JOHANNESBURG: South Africa's rand was more than one percent lower on Monday as global emerging markets remained on the back foot, while stocks were flat in tandem with global markets.

At 1613 GMT the rand was 1.12 percent weaker at 14.8550 per dollar, after hitting a low of 14.9400.

Turkey triggered a sell-off in emerging market currencies as risk aversion gripped emerging markets.

Turkey's central bank signalled on Monday it could take action, seen as presaging an interest rate increase at the bank's next meeting on Sept. 13. Analysts said the central bank may have inadvertently set financial markets up for disappointment if it doesn't deliver a hefty increase.

"The Turkish central bank issue puts tremendous strain on emerging markets," said Afrifocus Securities portfolio Manager Cheslyn Francis.

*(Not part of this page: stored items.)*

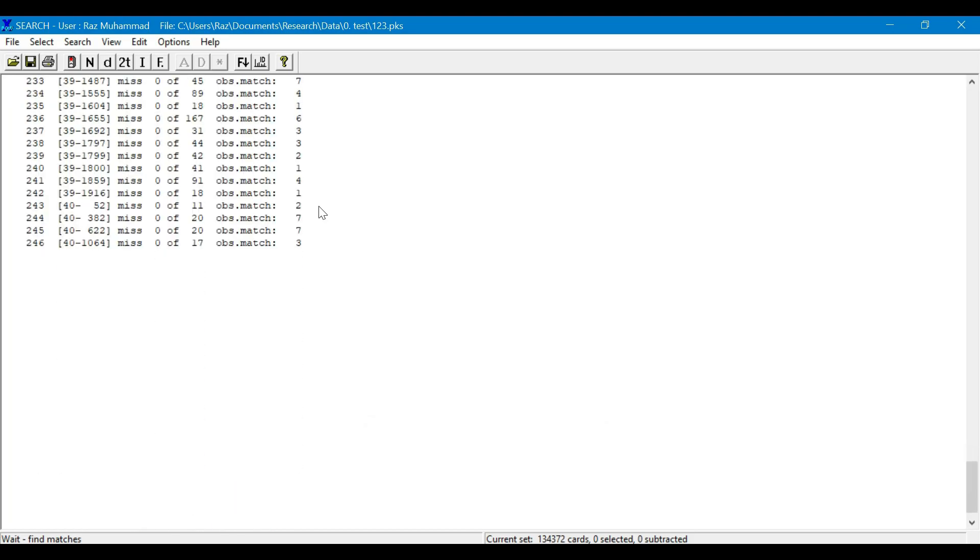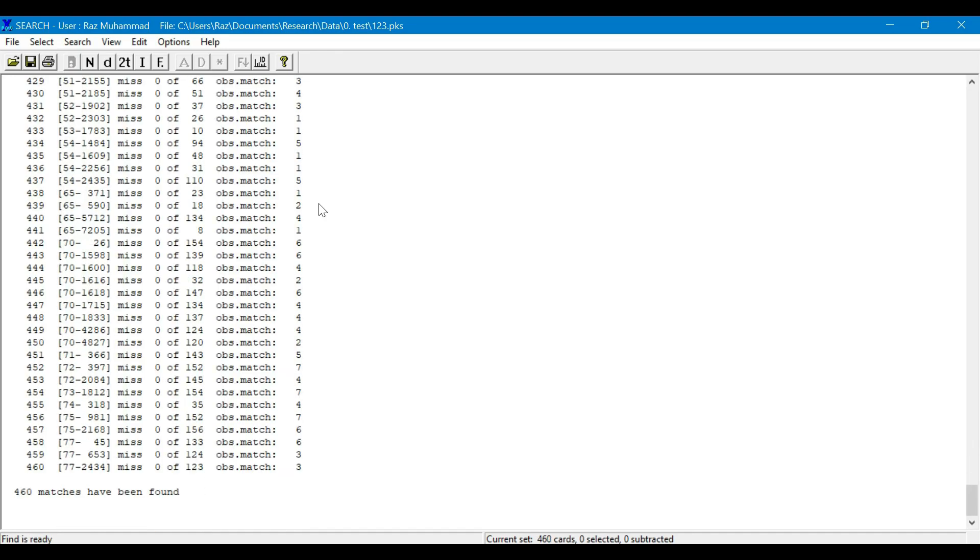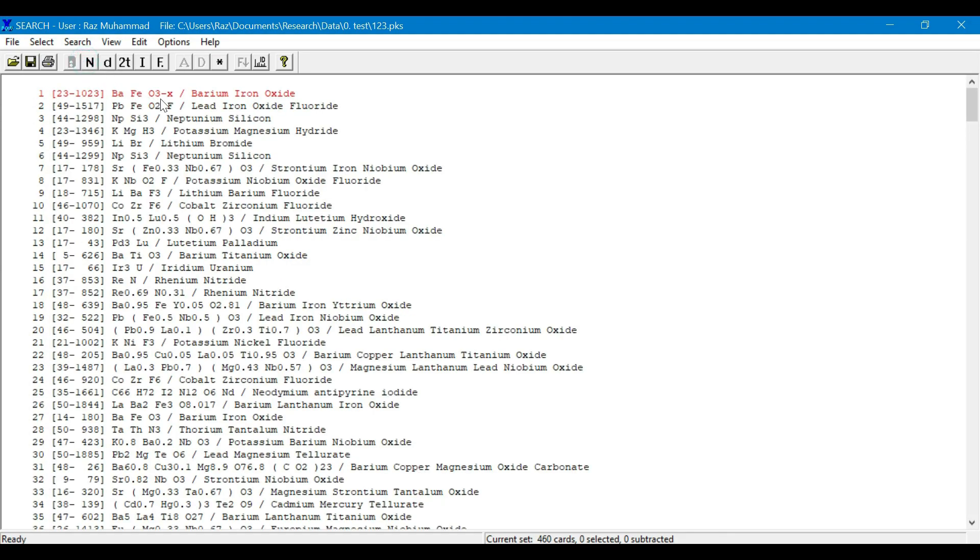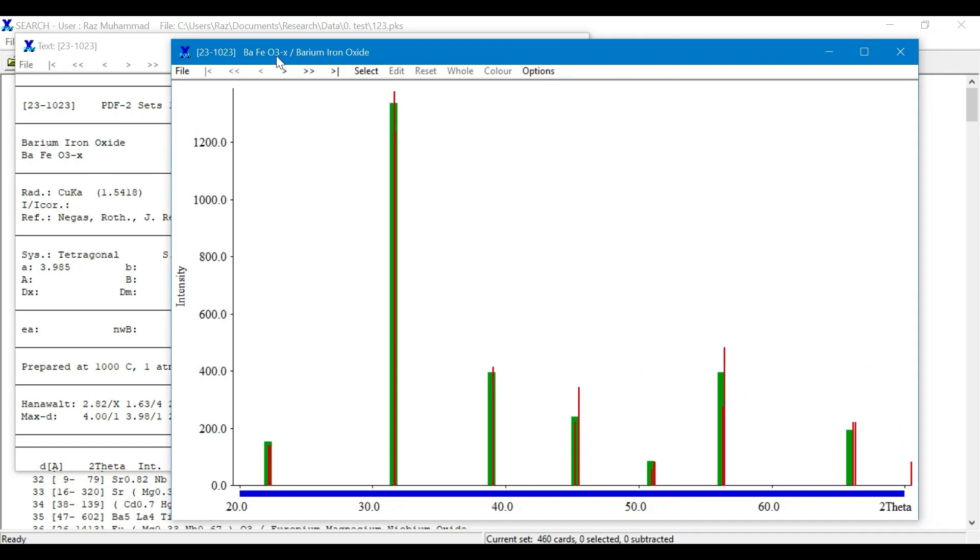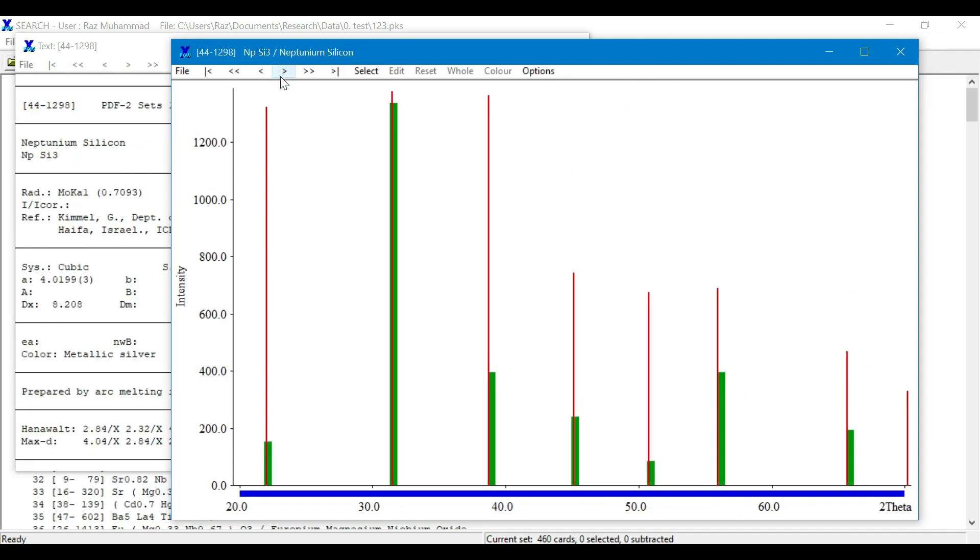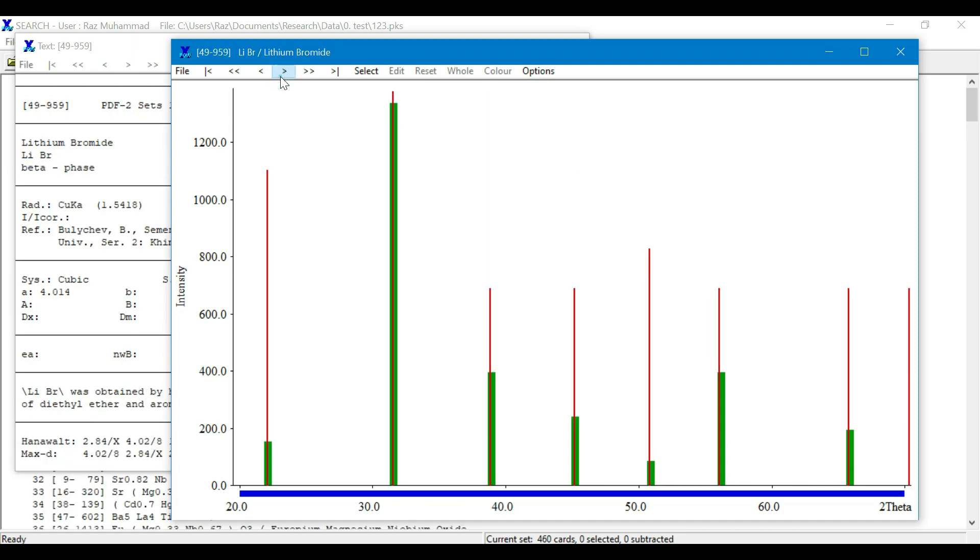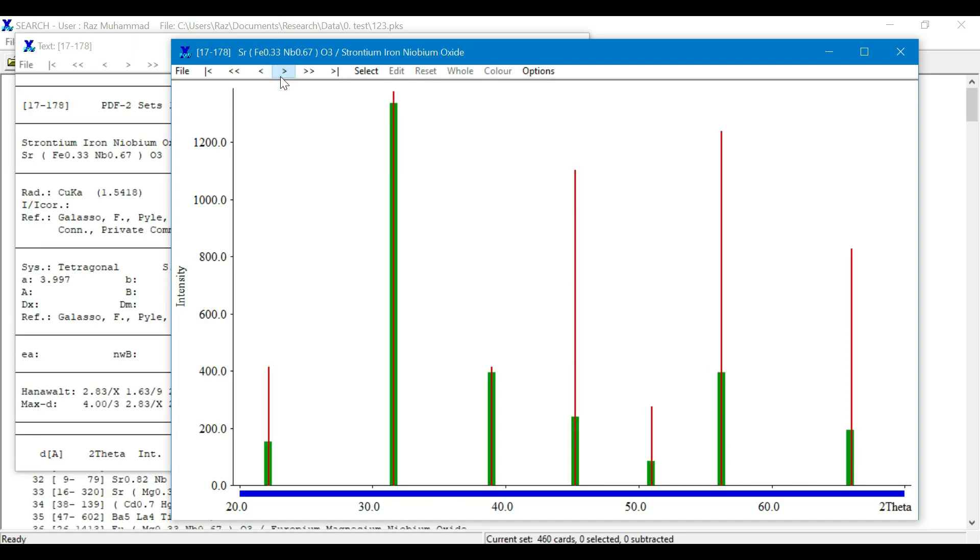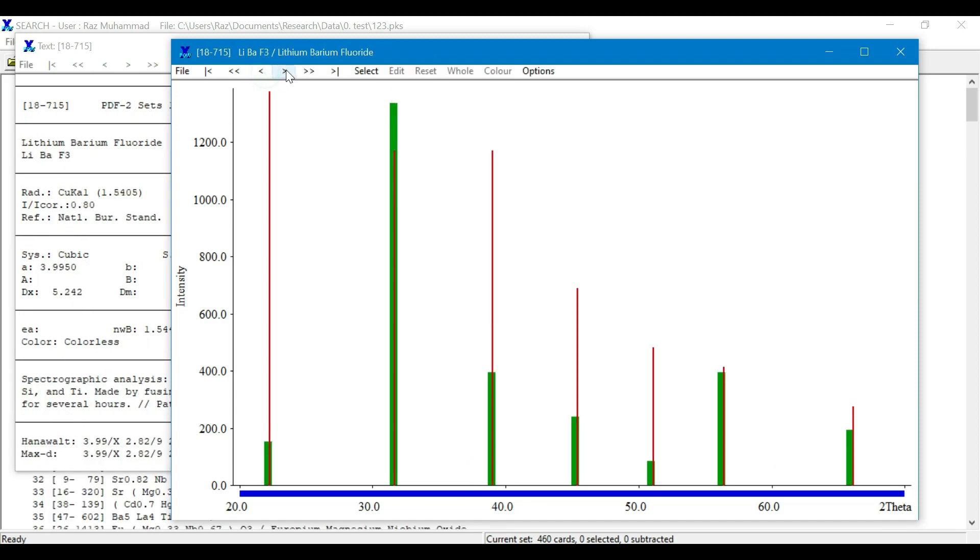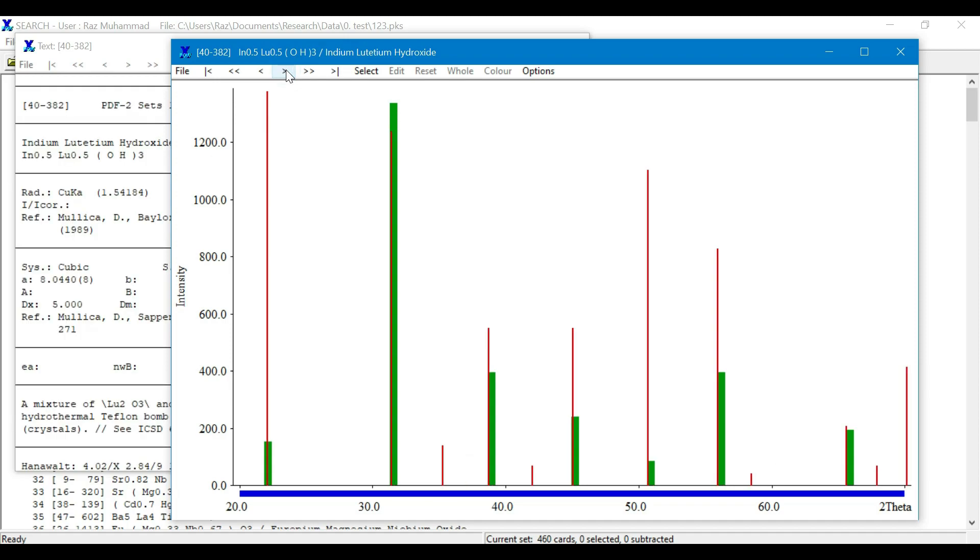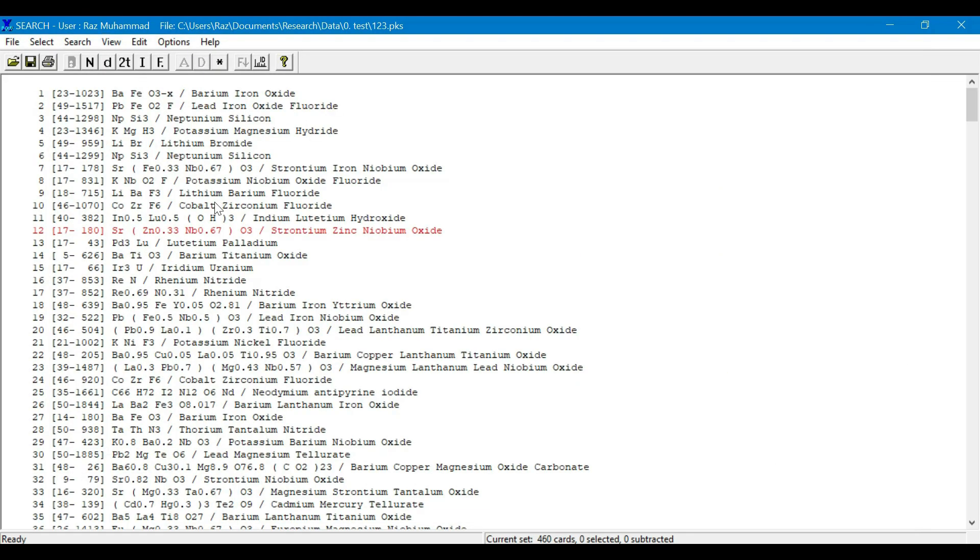After automatic search, we can see a list of different combinations or different cards. For example, the first card is for barium ferrite. If we look into this card, it is well matched with the barium titanate. Actually, barium titanate and barium ferrite have similar crystal structures, that is tetragonal, which is why their diffraction patterns are similar.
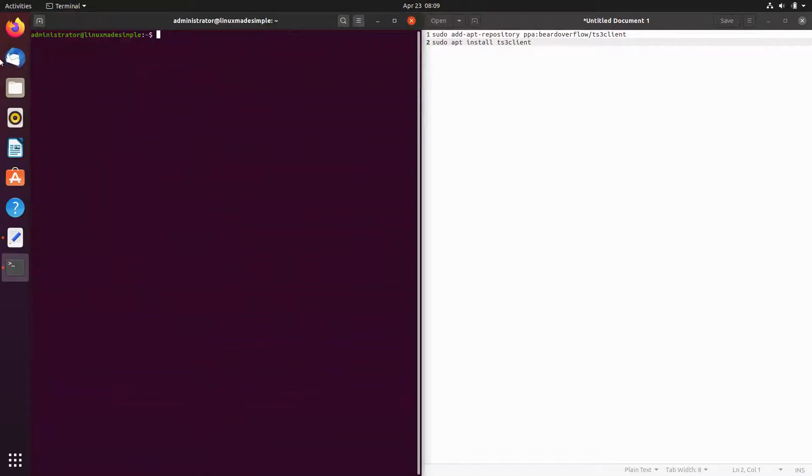Now we will paste the first command into our terminal. This command will add a Teamspeak repository to your system.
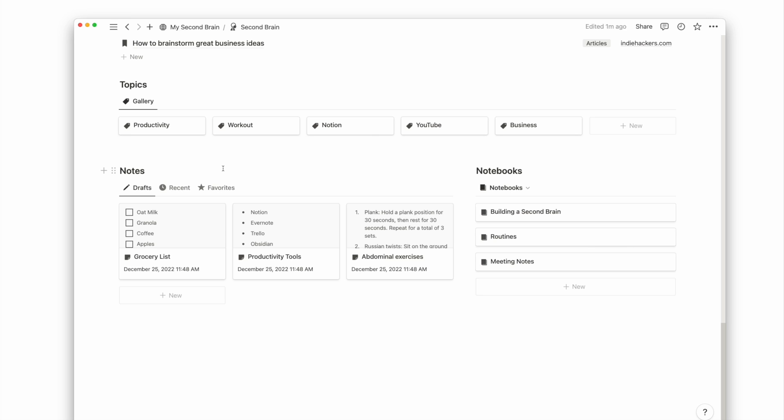Lastly, we have notebooks and notes. Notes and resources are completely different. The notes you write down from consuming a piece of resources is what you write under the respective resource page.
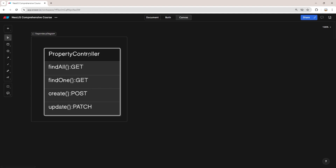Let's say we have a controller for real estate properties — we'll call it the property controller. It has four HTTP endpoints inside it and each one is mapped to its corresponding function. One important thing here is that we should not implement the logic of these four functions directly inside the controllers. Instead, we should create another class called the property service and move the logic of these functions into that service. So you might ask: why should we avoid putting the logic directly inside the controllers?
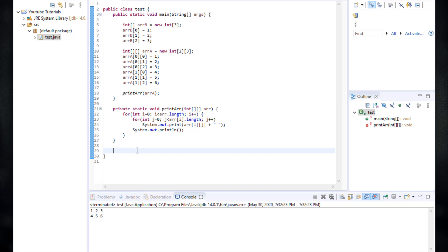First of all, to create a method, we can use the private or public keywords. We're going to talk about these keywords later on when we talk about the classes. But for now, let's assume that we're going to create a private method.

"They have announced an intervention policy, which is still to be seen and not specific," he said, adding the rand could firm if there is a strong intervention.

Bonds were also weaker, with the yield up on the benchmark government debt due in 2026 down 5 basis points to 9,005 percent.

A holiday in the United States muted trading activity in South African markets, analysts said.

On the bourse, the Johannesburg all-share index rose marginally by 0.7 percent to 58,711 points while the blue chip top-40 index was up 0.05 percent to 52,435 points.

"It is the beginning of a new month and we very often get fresh money coming into the fund managers. This could be pushing the market slightly higher but volumes are still thin," said Greg Davies, trader at Cratos Capital.

Hotel and casino group Sun International closed up 7.10 percent after stronger than expected half-year profits.

Weighing on further gains, market heavyweight Naspers  fell 1.86 percent to 2,200 rand as Chinese technology giant Tencent, in which Naspers has a 31 percent stake, extended its losses to 2.12 percent after the government on Friday intensified crackdown on online gaming.